A.J. (running to the fort): I'll take it down!

EVELYN: NO!!!!!

A.J.: I WANT COOKIES!!

EVELYN: We could buy every Girl Scout cookie on the planet if we win this case!

A.J.: I WANT COOKIES NOOOOOOWWWWW!

EVELYN (doing everything she can to keep A.J. away from the fort): FOOL! STOP! WE'LL BE MILLIONAIRES!!! BILLIONAIRES!!! QUADRILLIONAIRES!!!!!

A.J.: COOOKIIIEEEEEEES!!!

(Evelyn falls to the floor as A.J. breaks free from her grasp. She sighs, get up, and grabs Katie's hand)

EVELYN: Can I have some too?

ME: NO!
KATIE (at exactly the same time): Sure, sweetie.

I look at Evelyn. Evelyn looks at Katie. Katie does this thing where she uses body language to send a message that is somehow undetected by the children and yet unmistakably clear to me.

ME (with my tail between my legs, yet still trying to salvage some pride): just one.

EVELYN: (runs over and gives me a big old hug): Thanks daddy!

ME (melting): okay, two.... if you bring me one when they're done. Deal?

EVELYN: I'd love to daddy, but that would violate Section II of Article IV of the Colorado Revised Statutes. Paragraph 2.7 of said statute clearly states that no child under the age of 7 shall.....

And so it goes...

Friday, July 26, 2013

Our most obedient child...

Papa Bear here. So it seems the only time we post anything anymore is when we have a baby. I'm going to try to do better... we have tons of fun videos, great pictures, and attention-riveting stories to share. We're also looking at homeschooling this year, and I'd like to keep a record of how that goes, just for the heck of it.

I thought I'd kick things off with a short video of Sylvia. I wanted to take the video because I've heard people say that babies don't smile. Oh, really? Watch this video and then tell me that babies don't smile!
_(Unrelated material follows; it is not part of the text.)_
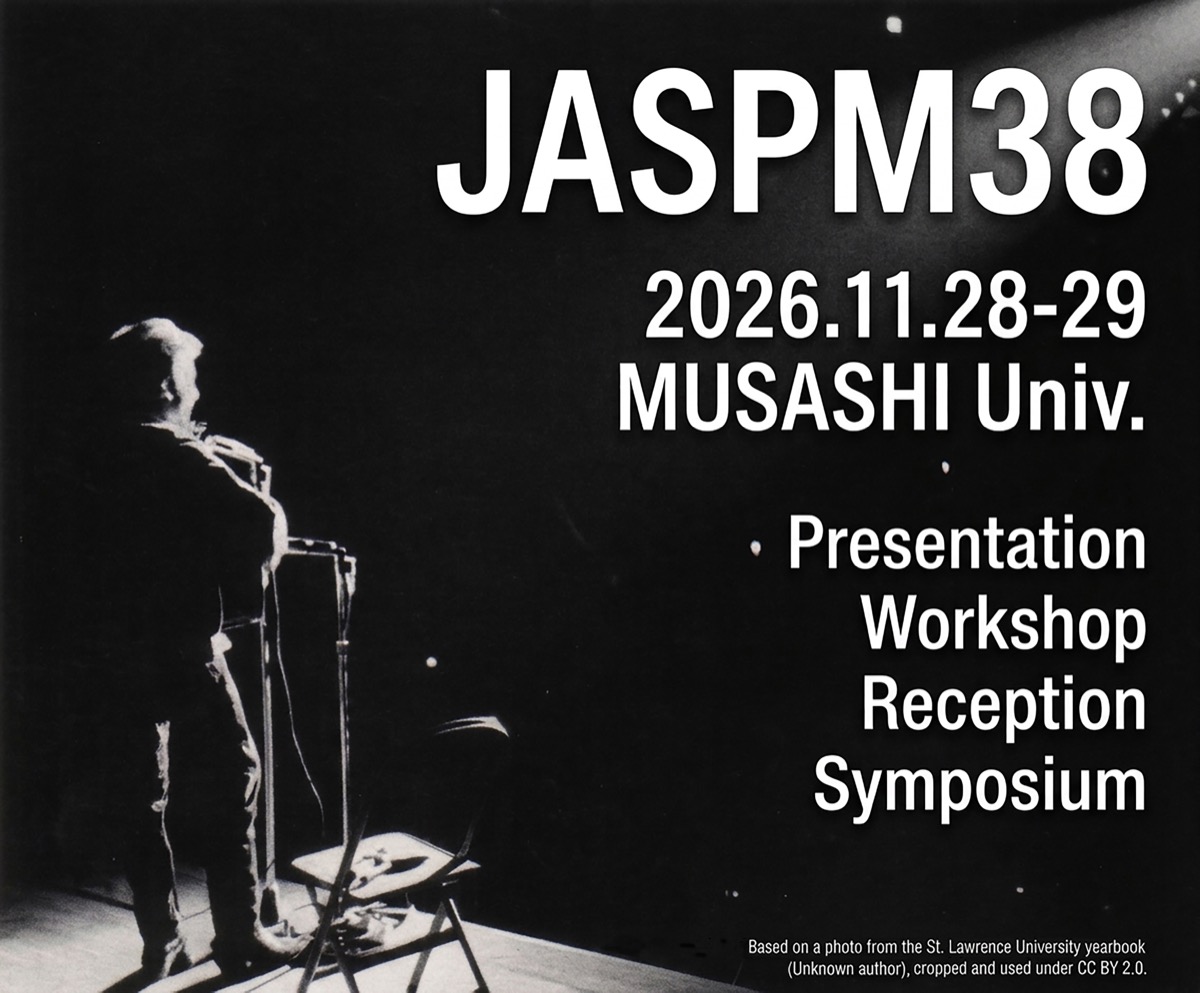 JASPM38のキービジュアル。暗い舞台でマイクスタンドに向かう人物のモノクロ写真に、大会名と会期「2026.11.28-29 MUSASHI Univ.」が重ねてある。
I was obviously thrilled that she did her trick on demand... maybe she's got a future in the entertainment industry (it's my only hope for retirement!).

Postscript: So it looks like a few things aren't working (like the video) when I use Internet Explorer 10. What can I say, it's a Microsoft product. I looked at the blog on Chrome, and it worked there. So if you're using IE10, get a better browser. :) I'll look into it and see if I can get things running on IE.